Konkretum u. Abstraktum bei den Göttern in Ägypten 
« Datum: 26.01.2023 um 12:58:44 »   

Bei den Griechen und Römern kam es in Bezug auf die Götter die Konkreta, etwa Zeus, Athena, etc. etc. aber auch schon das Abstraktum Theos, bzw. der Plural Theoi. Dabei ist eigentlich davon auszugehen, dass die Konkreta älter sind, und das Abstraktum schon eine Folge gedanklicher Arbeit, also eines Denkvorganges, und damit jünger ist. Deswegen jetzt meine Frage: Gab es im alten Ägypten schon ein Abstraktum unserem "Gott" gleich? Die einzelnen Götter wurden in Ägypten in einzelnen, oft weit voneinander entfernten Tempel vergeht, oft an Orten, an denen es Manifestationen ihres Wirkens gegeben hat. Auch die Dodekatheoi-Tempel der Griechen waren späte Phänomene. Sie setzten Theologie voraus. Gab es denn wenigstens im alten Ägypten sowas wie den Ouranos (Himmel), also einen Ort, wo sich die Götter mal so zwanglos treffen und miteinander reden konnten, oder war Re zwanghaft in die Sonnenscheibe verbannt?  

Danke für die Antwort
Michael Tilgner  maennlich
Member



Re: Konkretum u. Abstraktum bei den Göttern in Ägypten 
« Antwort #1, Datum: 26.01.2023 um 21:47:47 »   

Hallo, Otto,

Zitat:
Gab es im alten Ägypten schon ein Abstraktum unserem "Gott" gleich?

Ja, in gewisser Weise schon: Neben den Göttern wie Amun, Re, Isis und vielen, vielen weiteren gab es einen allgemeinen Begriff:

   oder  
    nTr "Gott" (Wb II, 358 ff)

Damit konnte ein spezieller Gott, als auch ein Gott "ohne erkennbare Beziehung auf einen bestimmten Gott" gemeint sein. Auch der König wurde als nTr nfr "guter Gott" bezeichnet (Wb II, 361).

Das Zeichen selbst (R8 nach der Gardiner-Liste) stellt wohl eine Art "Kultfahne" dar.

Die Frage nach einer altägyptischen "Theologie" ist nur vielschichtig und komplex zu beantworten und kann in dieser Allgemeinheit hier nicht diskutiert werden.
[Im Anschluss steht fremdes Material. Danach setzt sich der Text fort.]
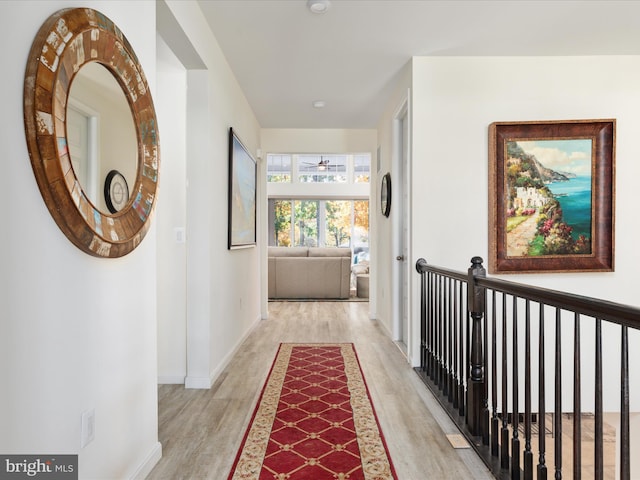 hallway with light hardwood / wood-style floors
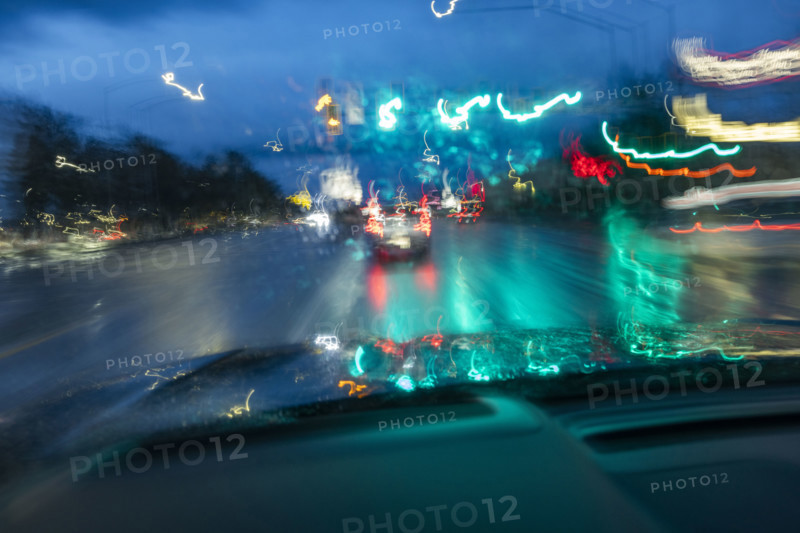 Traffic on road in rain at dusk seen from carmotion blur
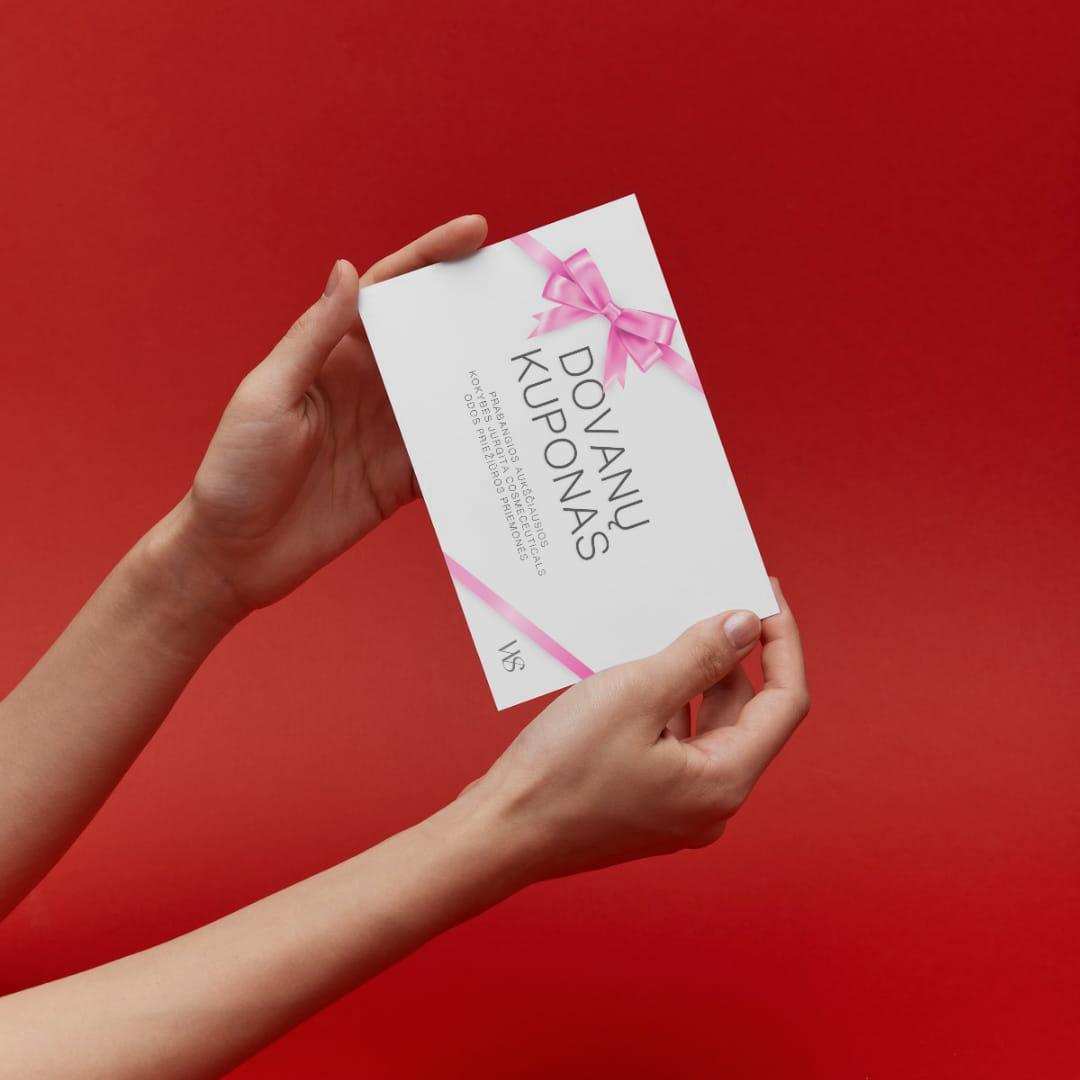 A pair of hands holding a Wellskino gift card against a bold red background. The white card features an elegant pink ribbon design and the text 'Dovanų Kuponas' (Gift Voucher) in Lithuanian.
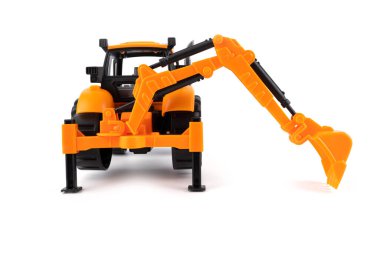 Traktör. Kazıcı. Sınıf. Çocuk oyuncağı. Beyaz arka planda çocuk oyuncağı. Yüksek kalite fotoğraf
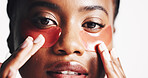 Black woman, portrait and eye patches with mask or hydration on a white studio background. Face, female person or model with facial gel or cosmetics for collagen, dermatology or anti aging treatment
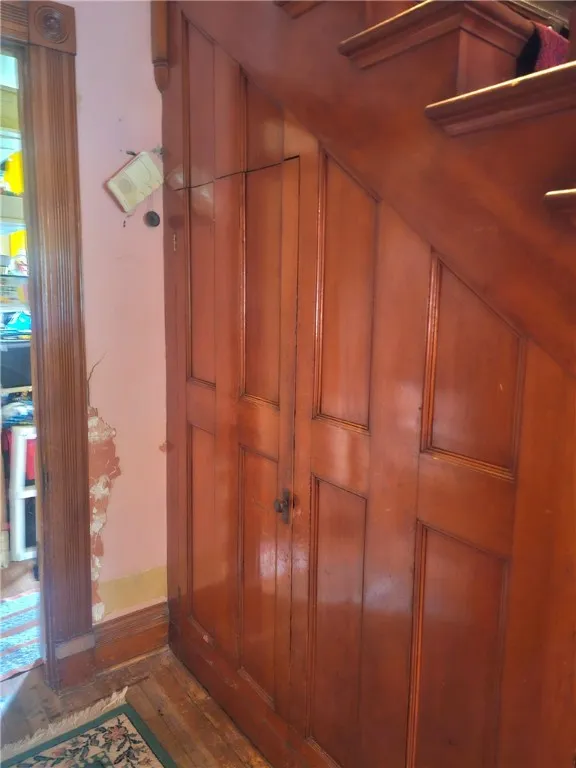 Paneled wall into powder room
Ich verweise auf das äußerst lesenswerte Werk von Erik Hornung, Der Eine und die Vielen. Altägyptische Götterwelt, 6. vollständig überarbeitete und erweiterte Auflage, Darmstadt, 2005 (inzwischen gibt es eine 7. unveränderte Auflage, 2011).

Wenn Du eine Universitätsbibliothek in der Nähe hast, dann empfehle ich das siebenbändige Lexikon der Ägyptologie, 1975-1992, das diese Frage in zahlreichen Einträgen behandelt, z.B. in "Gott", "Gott-Mensch-Beziehung" sowie weiteren Stichworten, die mit "Gott-" oder "Götter-" beginnen. Hinsichtlich der Fragestellung abstrakt/konkret ist z.B. auf die Einträge "Abstraktionsvermögen" oder "Spekulatives Denken" zu verweisen. Der "Allgemeine Index" in Bd. VII hilft dabei, die entsprechenden Stichworte zu finden.

Zitat:
Gab es denn wenigstens im alten Ägypten sowas wie den Ouranos (Himmel), also einen Ort, wo sich die Götter mal so zwanglos treffen und miteinander reden konnten, oder war Re zwanghaft in die Sonnenscheibe verbannt?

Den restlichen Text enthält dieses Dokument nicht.